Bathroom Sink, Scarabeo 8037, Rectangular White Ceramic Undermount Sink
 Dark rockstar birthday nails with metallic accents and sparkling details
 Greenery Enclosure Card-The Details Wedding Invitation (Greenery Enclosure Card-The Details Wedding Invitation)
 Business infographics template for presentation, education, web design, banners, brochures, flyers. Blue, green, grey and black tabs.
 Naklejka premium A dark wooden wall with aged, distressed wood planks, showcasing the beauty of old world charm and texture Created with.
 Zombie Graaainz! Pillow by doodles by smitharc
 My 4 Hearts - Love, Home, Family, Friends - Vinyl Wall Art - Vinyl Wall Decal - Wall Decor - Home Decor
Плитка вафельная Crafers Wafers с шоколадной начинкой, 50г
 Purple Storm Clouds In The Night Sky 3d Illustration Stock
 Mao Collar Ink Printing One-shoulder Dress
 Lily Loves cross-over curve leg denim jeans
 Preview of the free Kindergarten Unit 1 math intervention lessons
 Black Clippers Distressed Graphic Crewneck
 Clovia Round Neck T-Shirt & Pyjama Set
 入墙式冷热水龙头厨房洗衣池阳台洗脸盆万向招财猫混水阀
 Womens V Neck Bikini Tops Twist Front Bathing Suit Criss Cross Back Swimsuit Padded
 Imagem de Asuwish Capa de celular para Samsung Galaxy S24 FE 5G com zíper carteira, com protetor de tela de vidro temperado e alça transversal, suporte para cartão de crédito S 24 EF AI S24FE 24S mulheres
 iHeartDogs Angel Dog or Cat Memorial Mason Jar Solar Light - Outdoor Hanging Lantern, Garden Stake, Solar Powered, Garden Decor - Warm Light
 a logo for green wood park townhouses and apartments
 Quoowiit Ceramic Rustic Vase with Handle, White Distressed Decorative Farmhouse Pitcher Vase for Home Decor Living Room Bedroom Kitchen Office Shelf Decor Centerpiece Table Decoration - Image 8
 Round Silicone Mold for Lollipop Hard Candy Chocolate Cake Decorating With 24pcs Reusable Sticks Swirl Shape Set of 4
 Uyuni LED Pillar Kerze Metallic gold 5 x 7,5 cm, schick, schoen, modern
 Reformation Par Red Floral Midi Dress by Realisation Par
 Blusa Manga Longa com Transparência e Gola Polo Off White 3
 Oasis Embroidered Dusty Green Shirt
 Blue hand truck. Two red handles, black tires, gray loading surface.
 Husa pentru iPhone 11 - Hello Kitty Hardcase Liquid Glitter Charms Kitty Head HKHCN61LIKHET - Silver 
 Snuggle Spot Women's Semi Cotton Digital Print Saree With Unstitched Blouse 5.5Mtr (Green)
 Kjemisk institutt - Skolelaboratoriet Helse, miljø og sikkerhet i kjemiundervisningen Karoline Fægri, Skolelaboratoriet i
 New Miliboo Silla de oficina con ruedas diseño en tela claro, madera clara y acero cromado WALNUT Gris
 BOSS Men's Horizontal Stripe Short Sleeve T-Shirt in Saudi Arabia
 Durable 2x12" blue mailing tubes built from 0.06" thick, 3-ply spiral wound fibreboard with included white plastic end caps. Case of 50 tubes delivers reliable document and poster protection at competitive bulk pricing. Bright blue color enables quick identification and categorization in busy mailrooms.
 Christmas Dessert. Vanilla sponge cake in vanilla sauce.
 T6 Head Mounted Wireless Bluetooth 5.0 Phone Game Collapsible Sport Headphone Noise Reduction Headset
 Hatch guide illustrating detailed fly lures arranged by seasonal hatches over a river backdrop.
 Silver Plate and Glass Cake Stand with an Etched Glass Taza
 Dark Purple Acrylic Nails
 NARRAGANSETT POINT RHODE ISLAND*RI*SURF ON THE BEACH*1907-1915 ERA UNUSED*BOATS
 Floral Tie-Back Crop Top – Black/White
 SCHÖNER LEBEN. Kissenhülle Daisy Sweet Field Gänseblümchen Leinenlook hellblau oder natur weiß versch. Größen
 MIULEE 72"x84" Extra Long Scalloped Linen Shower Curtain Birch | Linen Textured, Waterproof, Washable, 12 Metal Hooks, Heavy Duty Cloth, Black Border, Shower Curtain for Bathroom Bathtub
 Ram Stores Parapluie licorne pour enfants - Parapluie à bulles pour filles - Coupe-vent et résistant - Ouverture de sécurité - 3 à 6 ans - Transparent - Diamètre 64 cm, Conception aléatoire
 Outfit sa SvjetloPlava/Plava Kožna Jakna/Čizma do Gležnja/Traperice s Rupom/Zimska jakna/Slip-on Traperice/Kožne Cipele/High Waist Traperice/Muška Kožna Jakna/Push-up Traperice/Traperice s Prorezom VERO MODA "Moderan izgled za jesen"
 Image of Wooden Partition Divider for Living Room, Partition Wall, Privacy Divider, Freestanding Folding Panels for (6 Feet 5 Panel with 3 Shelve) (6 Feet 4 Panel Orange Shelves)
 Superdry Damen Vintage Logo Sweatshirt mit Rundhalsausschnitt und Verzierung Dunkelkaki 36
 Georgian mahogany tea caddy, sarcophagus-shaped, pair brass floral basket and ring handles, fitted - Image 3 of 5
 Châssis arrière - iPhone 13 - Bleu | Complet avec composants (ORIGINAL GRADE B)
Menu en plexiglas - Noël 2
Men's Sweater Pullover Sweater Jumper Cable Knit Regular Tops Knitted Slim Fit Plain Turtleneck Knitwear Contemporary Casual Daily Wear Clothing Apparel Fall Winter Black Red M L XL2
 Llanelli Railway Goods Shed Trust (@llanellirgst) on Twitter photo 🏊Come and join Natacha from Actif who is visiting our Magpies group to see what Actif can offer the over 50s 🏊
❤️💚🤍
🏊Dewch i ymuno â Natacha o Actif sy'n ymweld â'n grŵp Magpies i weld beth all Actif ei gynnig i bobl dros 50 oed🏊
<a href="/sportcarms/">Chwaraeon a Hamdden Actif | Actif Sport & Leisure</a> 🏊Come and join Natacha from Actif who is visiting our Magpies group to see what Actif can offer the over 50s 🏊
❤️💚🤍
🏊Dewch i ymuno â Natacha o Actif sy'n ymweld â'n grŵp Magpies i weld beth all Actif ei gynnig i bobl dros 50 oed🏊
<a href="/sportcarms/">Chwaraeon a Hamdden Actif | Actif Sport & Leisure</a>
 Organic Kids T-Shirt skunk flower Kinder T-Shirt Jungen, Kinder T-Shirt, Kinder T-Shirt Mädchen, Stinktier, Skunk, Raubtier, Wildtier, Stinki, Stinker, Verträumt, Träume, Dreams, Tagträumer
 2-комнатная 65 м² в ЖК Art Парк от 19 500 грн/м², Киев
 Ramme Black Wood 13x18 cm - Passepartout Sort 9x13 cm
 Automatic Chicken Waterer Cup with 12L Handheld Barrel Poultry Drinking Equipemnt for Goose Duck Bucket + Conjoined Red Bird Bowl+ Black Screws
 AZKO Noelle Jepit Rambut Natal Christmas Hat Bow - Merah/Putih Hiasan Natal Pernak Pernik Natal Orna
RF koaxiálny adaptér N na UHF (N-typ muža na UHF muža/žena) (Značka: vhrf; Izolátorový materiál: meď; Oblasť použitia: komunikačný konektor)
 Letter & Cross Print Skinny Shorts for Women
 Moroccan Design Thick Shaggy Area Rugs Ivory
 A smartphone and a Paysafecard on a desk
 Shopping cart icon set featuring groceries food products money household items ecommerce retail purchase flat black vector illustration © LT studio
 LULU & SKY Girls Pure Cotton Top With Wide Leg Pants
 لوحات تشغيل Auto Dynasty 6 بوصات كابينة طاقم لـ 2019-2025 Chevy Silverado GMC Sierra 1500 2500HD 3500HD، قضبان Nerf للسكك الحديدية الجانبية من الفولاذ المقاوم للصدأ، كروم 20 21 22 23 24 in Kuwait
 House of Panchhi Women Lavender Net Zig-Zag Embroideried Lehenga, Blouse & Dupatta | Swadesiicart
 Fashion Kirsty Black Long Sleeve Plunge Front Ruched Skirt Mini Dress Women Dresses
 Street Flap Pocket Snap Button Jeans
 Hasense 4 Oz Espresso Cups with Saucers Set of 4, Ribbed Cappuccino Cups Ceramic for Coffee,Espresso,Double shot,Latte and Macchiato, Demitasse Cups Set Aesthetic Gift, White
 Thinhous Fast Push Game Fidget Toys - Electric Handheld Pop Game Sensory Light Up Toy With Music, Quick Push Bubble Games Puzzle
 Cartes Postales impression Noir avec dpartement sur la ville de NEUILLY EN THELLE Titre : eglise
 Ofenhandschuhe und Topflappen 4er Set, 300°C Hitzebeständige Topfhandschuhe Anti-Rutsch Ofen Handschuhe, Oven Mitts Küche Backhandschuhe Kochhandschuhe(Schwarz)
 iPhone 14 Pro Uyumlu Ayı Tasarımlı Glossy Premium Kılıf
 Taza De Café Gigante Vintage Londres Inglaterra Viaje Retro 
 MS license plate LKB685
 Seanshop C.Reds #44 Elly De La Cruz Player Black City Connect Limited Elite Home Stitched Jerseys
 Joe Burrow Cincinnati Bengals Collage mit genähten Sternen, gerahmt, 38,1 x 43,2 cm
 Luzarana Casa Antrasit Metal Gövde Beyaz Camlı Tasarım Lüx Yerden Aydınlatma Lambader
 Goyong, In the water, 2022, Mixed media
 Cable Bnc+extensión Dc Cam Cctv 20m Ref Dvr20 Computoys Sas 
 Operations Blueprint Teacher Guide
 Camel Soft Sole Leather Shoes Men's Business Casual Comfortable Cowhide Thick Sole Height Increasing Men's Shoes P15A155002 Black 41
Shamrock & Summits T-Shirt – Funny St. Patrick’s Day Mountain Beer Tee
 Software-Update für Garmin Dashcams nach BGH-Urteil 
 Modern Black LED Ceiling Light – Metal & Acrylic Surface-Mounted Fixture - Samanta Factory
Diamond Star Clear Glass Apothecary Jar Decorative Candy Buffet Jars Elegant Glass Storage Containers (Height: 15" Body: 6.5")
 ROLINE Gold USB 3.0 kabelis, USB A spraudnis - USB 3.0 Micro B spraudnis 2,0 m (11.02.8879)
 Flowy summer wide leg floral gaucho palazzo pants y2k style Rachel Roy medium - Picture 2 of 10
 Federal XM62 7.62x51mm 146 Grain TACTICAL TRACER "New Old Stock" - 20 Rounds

-- DESCRIPTION OF THE TASK --
Within the listing above, locate the line containing "iPhone 14 Pro" and the line containing "ROLINE Gold USB". Reproduce those two lines and all lines between them exactly, with nothing added.

-- WRITTEN SOLUTION --
 iPhone 14 Pro Uyumlu Ayı Tasarımlı Glossy Premium Kılıf
 Taza De Café Gigante Vintage Londres Inglaterra Viaje Retro 
 MS license plate LKB685
 Seanshop C.Reds #44 Elly De La Cruz Player Black City Connect Limited Elite Home Stitched Jerseys
 Joe Burrow Cincinnati Bengals Collage mit genähten Sternen, gerahmt, 38,1 x 43,2 cm
 Luzarana Casa Antrasit Metal Gövde Beyaz Camlı Tasarım Lüx Yerden Aydınlatma Lambader
 Goyong, In the water, 2022, Mixed media
 Cable Bnc+extensión Dc Cam Cctv 20m Ref Dvr20 Computoys Sas 
 Operations Blueprint Teacher Guide
 Camel Soft Sole Leather Shoes Men's Business Casual Comfortable Cowhide Thick Sole Height Increasing Men's Shoes P15A155002 Black 41
Shamrock & Summits T-Shirt – Funny St. Patrick’s Day Mountain Beer Tee
 Software-Update für Garmin Dashcams nach BGH-Urteil 
 Modern Black LED Ceiling Light – Metal & Acrylic Surface-Mounted Fixture - Samanta Factory
Diamond Star Clear Glass Apothecary Jar Decorative Candy Buffet Jars Elegant Glass Storage Containers (Height: 15" Body: 6.5")
 ROLINE Gold USB 3.0 kabelis, USB A spraudnis - USB 3.0 Micro B spraudnis 2,0 m (11.02.8879)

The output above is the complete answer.